Extracted records:
'''
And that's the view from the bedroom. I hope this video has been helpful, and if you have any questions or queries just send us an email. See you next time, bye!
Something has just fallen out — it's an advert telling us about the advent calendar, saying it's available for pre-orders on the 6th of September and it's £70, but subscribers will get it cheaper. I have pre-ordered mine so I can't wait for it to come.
'''
'''
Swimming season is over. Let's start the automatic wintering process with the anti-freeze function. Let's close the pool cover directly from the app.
'''
The task calls for every line of the material that contains the string "just".

Task result:
And that's the view from the bedroom. I hope this video has been helpful, and if you have any questions or queries just send us an email. See you next time, bye!
Something has just fallen out — it's an advert telling us about the advent calendar, saying it's available for pre-orders on the 6th of September and it's £70, but subscribers will get it cheaper. I have pre-ordered mine so I can't wait for it to come.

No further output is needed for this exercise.